_RECORDS FOR THIS TASK_:
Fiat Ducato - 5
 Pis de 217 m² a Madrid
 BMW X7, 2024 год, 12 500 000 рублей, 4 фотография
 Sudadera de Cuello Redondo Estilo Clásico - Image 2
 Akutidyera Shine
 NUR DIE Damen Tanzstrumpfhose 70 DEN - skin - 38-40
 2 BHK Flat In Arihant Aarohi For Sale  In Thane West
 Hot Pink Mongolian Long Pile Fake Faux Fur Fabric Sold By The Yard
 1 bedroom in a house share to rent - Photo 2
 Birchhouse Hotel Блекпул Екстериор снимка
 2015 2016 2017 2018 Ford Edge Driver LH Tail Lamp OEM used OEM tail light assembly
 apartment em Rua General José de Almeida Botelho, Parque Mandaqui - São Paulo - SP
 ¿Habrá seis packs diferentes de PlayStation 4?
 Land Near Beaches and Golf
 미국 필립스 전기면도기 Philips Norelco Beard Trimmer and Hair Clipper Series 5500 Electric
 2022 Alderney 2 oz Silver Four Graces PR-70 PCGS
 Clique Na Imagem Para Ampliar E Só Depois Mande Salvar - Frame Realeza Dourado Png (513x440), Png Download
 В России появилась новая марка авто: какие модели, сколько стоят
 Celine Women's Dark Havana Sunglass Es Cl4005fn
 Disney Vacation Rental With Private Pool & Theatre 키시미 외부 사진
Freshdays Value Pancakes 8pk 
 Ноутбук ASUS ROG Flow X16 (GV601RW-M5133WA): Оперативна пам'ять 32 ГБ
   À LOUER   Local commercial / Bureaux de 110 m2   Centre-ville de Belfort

_DESCRIPTION OF THE TASK_: Copy out the lines above word for word, stopping after the line containing "2 BHK Flat In".

_TASK RESULT_:
Fiat Ducato - 5
 Pis de 217 m² a Madrid
 BMW X7, 2024 год, 12 500 000 рублей, 4 фотография
 Sudadera de Cuello Redondo Estilo Clásico - Image 2
 Akutidyera Shine
 NUR DIE Damen Tanzstrumpfhose 70 DEN - skin - 38-40
 2 BHK Flat In Arihant Aarohi For Sale  In Thane West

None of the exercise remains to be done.